Granger merely flicked her wrist in response, and Draco barely had time to throw himself to the ground as the spell whizzed overhead, neatly shearing off a few of his hairs, and torched the entire Slytherin table behind him, reducing it into a charred, ashen skeleton of its former glory. In retaliation, he leapt to his feet and furiously summoned a drizzling rainstorm that stamped out the flames and indiscriminately pelted everything in its wake. With a disgruntled huff, Granger immediately switched tactics. She wasted no time in bolstering her defences, and by Salazar, he refused, absolutely REFUSED, to have his fine, pure-blooded arse handed to him by a Muggle-born.

As both combatants lunged in for the finishing blow, only at the last possible second did he finally realise his mistake.

Due to his slightly inordinate modifications to the Aguamenti Charm, he had just unwittingly slicked the way for both of them to slip and fall to the stone floor with a resounding thwack. Together, they winked out, like the last two lights in an empty world of darkness.


For what felt like the second time that blasted evening, Draco bolted upright, jerking into consciousness and shivering in a cold sweat. He shuddered with the intensity of the residual images branded into his lids, hastily rubbing them all away. On the verge of hysteria, his every muscle tensed, lying in wait for the slightest disturbance in the deceptive stillness.
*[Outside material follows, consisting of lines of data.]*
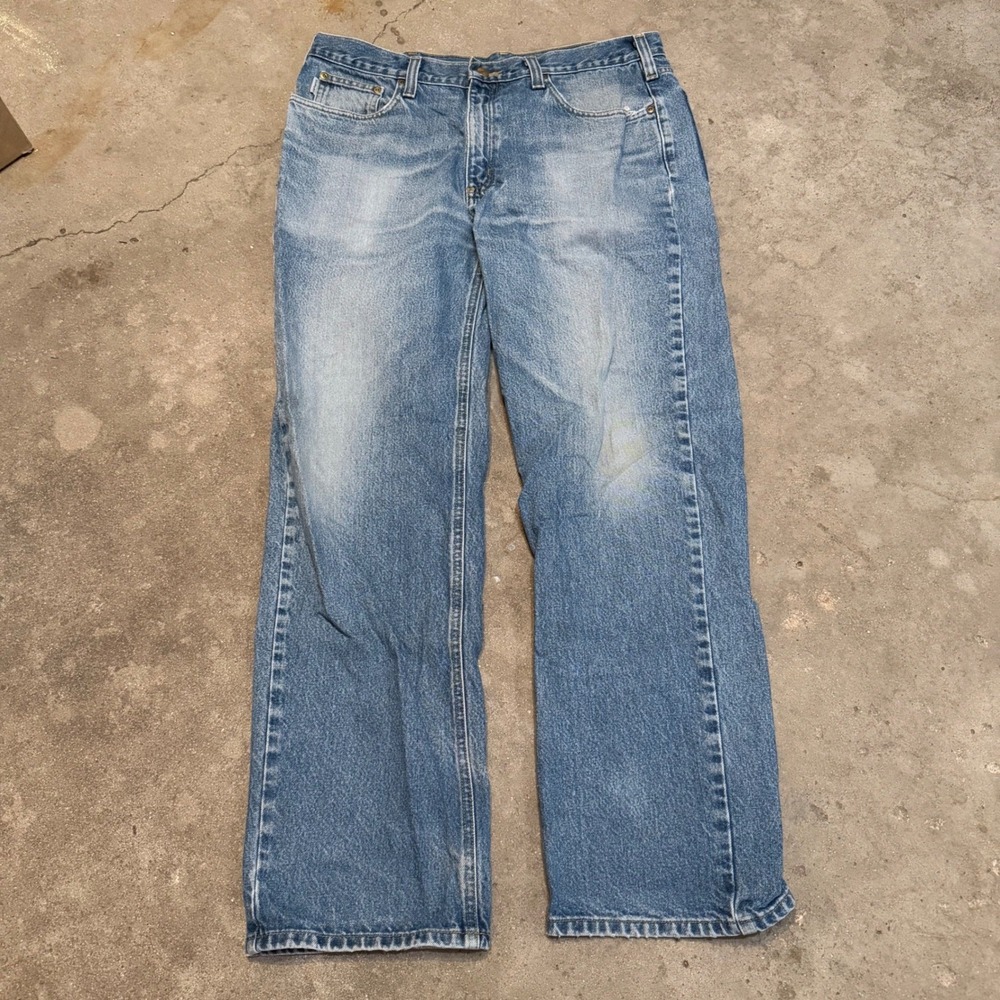 Carhartt Jeans Mens 38x32 Blue B460 DPS Relaxed Fit Denim Work Pants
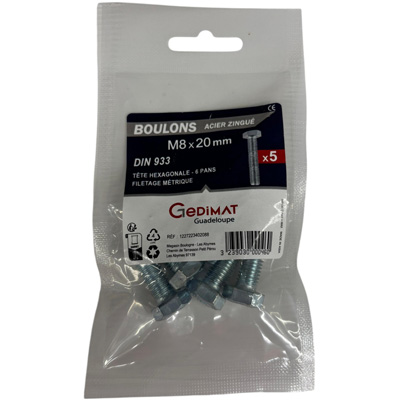 Boulon - tête hexagonale ø8 x L. 20 mm - vendu par 5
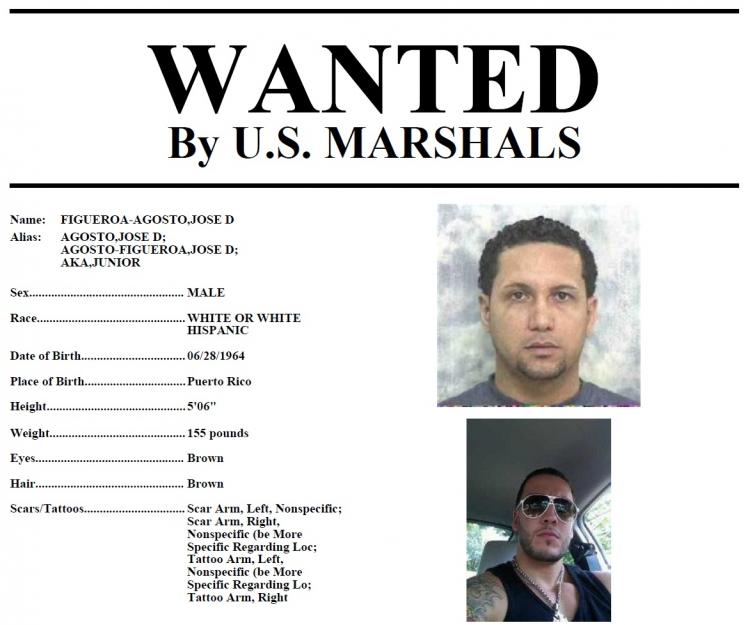 US Federal Marshals 'wanted' poster for Jose Figueroa-Agosto. Agosto, known as the Caribbean Pablo Escobar, was arrested in Puerto Rico on July 17, after a 10-year manhunt for the fugitive. Agosto escaped from a prison in Puerto Rico in 1999. (US Department of Justice, Marshals Service )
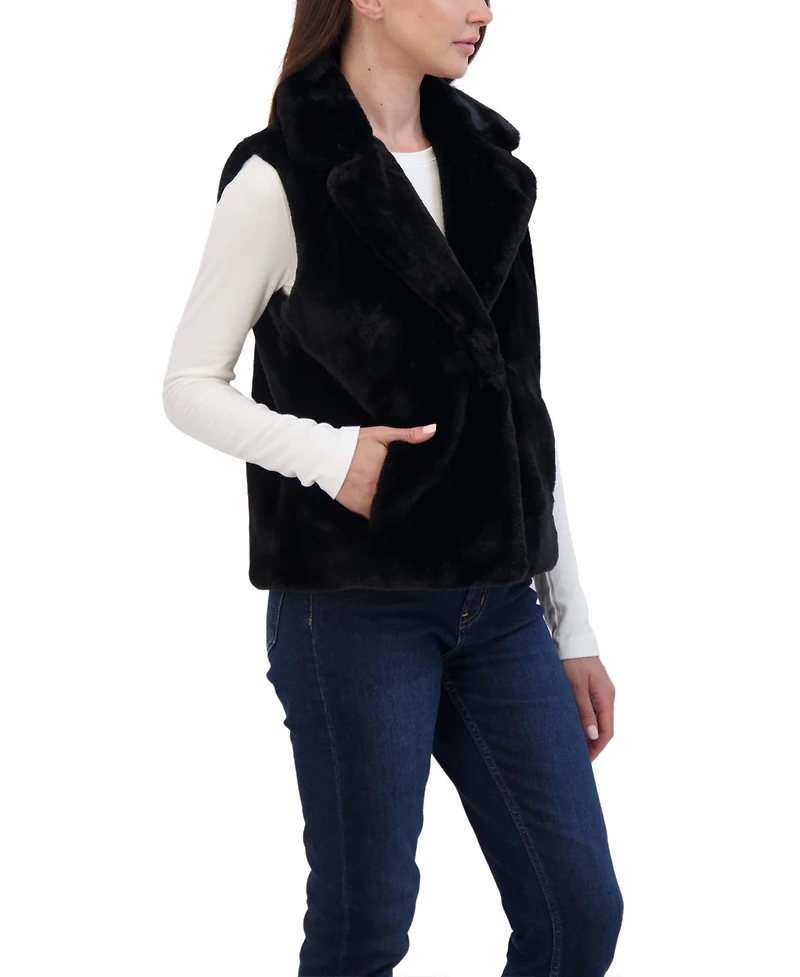 Sebby Collection Women's Faux Fur Notch Collar Vest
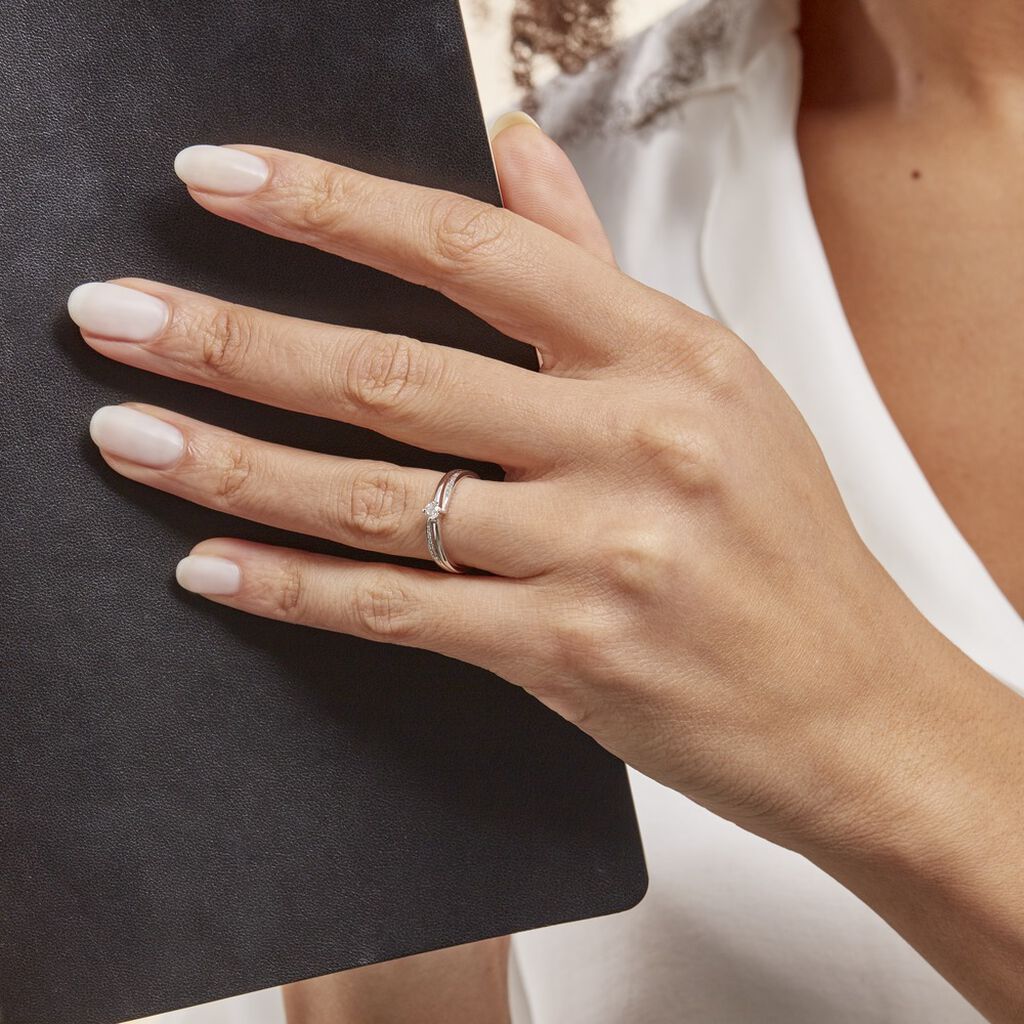 Bague Selene Or Blanc Diamant - Bagues Solitaire Femme | Marc Orian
Only after verifying the green and silver adornments of his own dormitory did his heretic heart finally relinquish its battering of his insides.

"You alright there, mate?" Blaise Zabini, the quietest, yet most perceptive of his Housemates, had also sat up in bed, peering at him curiously from across the room.

"Yeah, just another bloody nightmare," Draco grumbled, and left it at that. In this House of snakes, he had few friends that he truly considered his equals, but he could hardly divulge the details to Blaise, of all people. Blaise rarely deigned to converse with anyone, but Draco knew that his mate's elitist views rivalled, if not exceeded, his own.

Thus, no one knew, and no would ever know… about the Mudblood that haunted his dreams.